Listed entries:

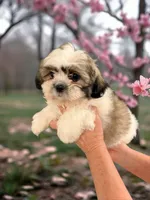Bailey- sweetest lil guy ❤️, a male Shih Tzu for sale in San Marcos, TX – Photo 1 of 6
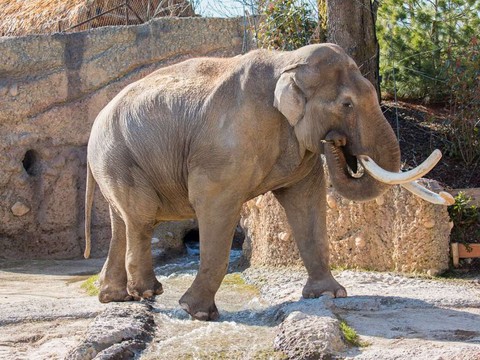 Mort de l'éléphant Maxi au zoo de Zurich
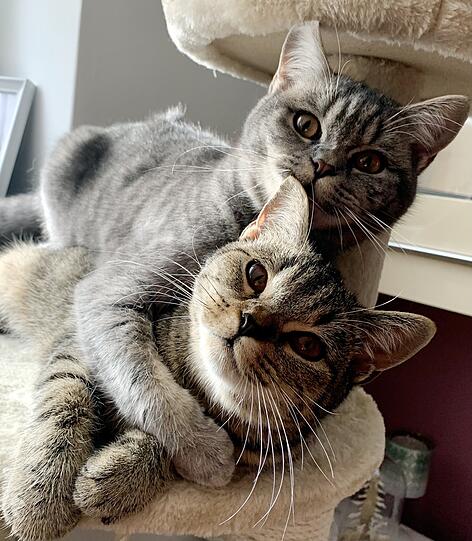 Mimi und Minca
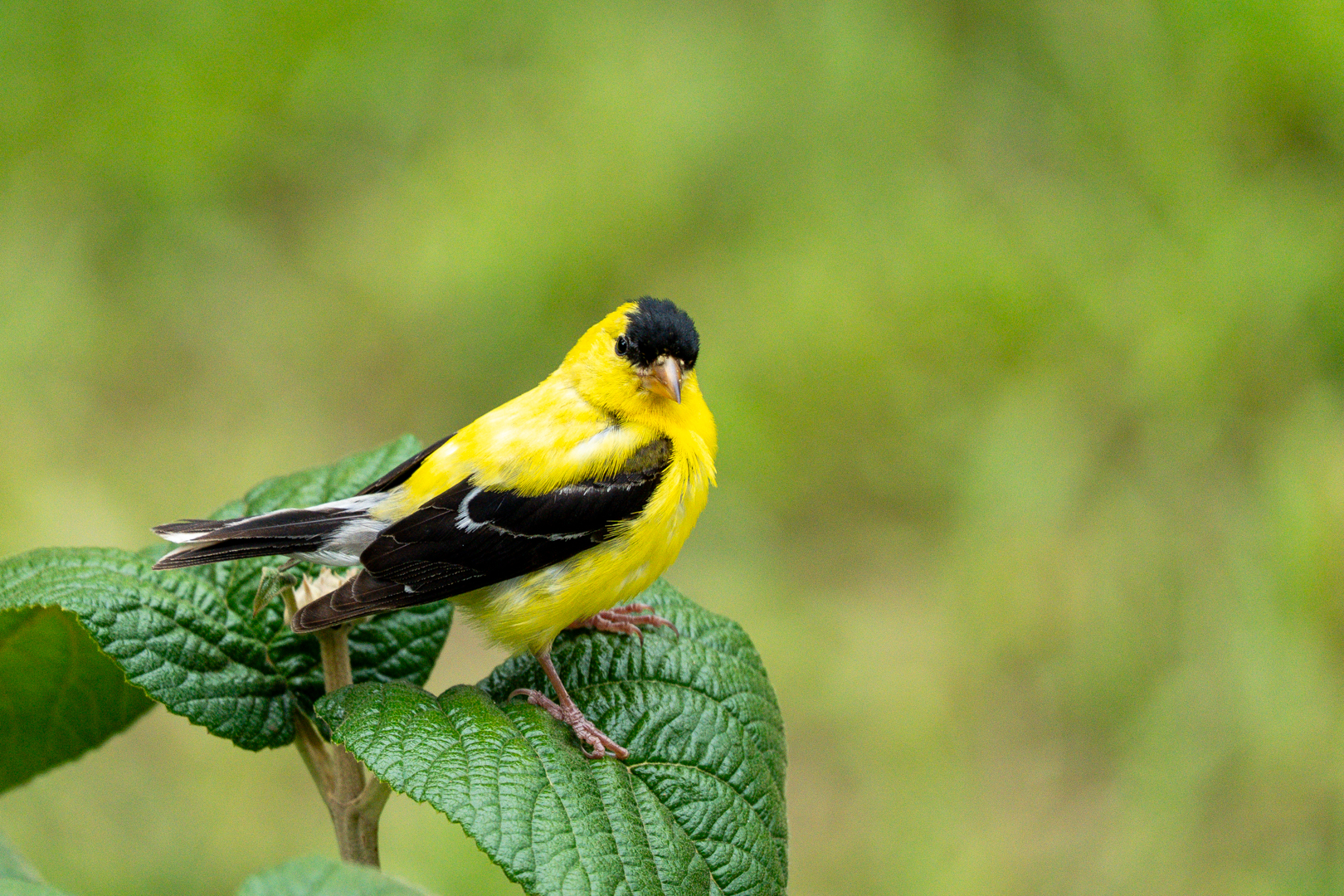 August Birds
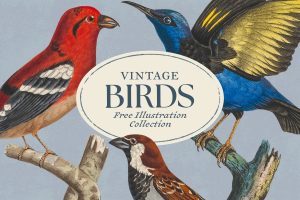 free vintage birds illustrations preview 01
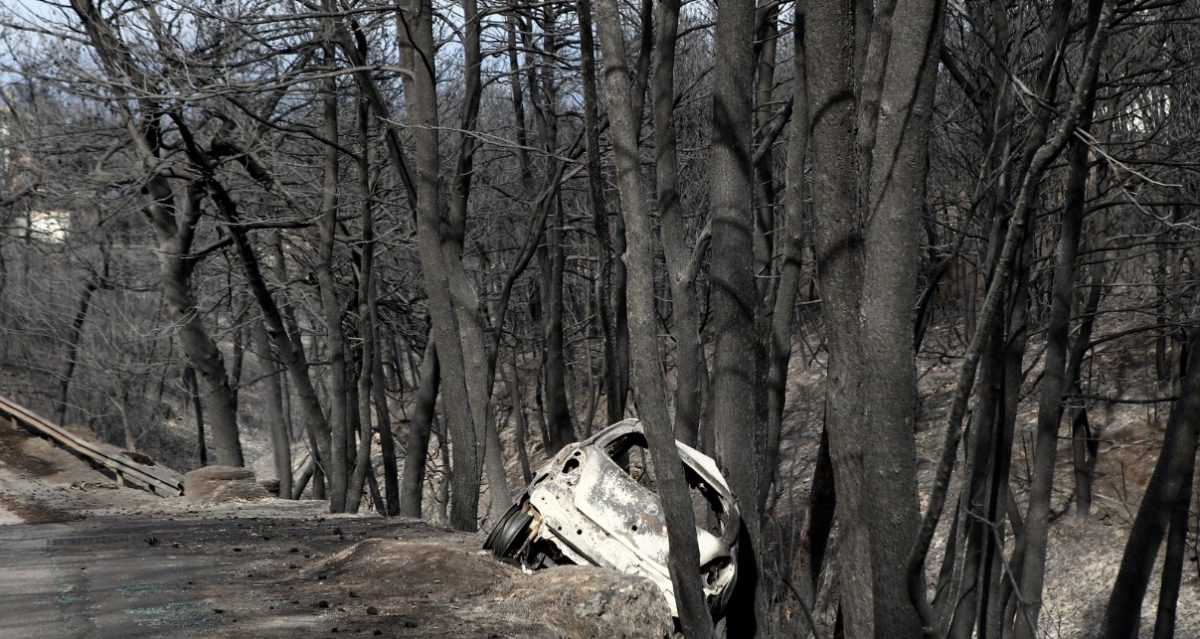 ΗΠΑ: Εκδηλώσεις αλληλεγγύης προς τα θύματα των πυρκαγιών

...

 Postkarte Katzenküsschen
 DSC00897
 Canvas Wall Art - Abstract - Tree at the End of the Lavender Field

Exercise details:
Each line above starting at the one holding "Bailey- sweetest lil" and ending at the one holding "free vintage birds illustrations preview 01" should be set down exactly as it stands, both ends included, with no pictures.

Result of the exercise:
Bailey- sweetest lil guy ❤️, a male Shih Tzu for sale in San Marcos, TX – Photo 1 of 6
 Mort de l'éléphant Maxi au zoo de Zurich
 Mimi und Minca
 August Birds
 free vintage birds illustrations preview 01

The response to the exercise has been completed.